## TASK REQUIREMENTS
Write the records out exactly as they read, but not the pictures.

◆ ◆ ◆ ◆

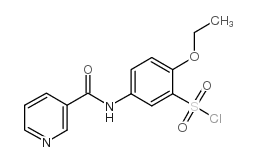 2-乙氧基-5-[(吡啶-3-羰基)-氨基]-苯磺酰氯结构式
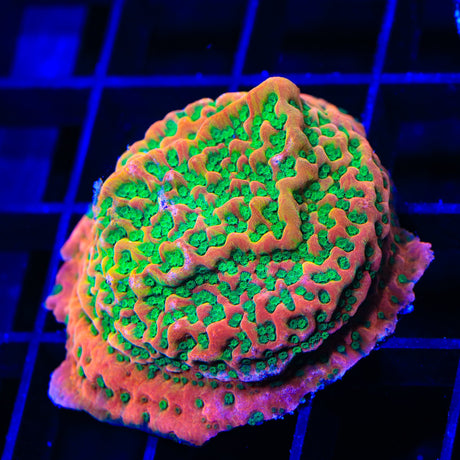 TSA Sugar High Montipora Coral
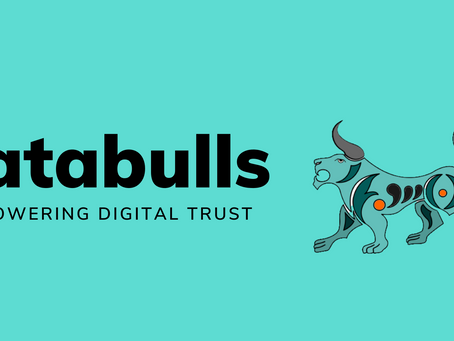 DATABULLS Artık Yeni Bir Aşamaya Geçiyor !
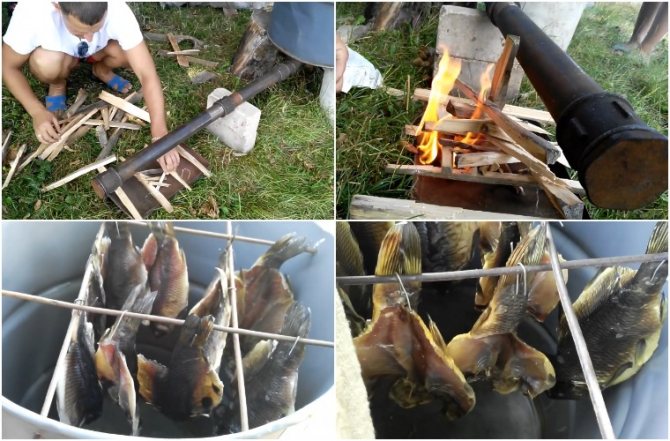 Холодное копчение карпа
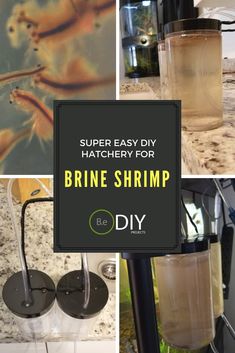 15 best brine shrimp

◆ ◆ ◆ ◆

## REPLY TO THE TASK
 2-乙氧基-5-[(吡啶-3-羰基)-氨基]-苯磺酰氯结构式
 TSA Sugar High Montipora Coral
 DATABULLS Artık Yeni Bir Aşamaya Geçiyor !
 Холодное копчение карпа
 15 best brine shrimp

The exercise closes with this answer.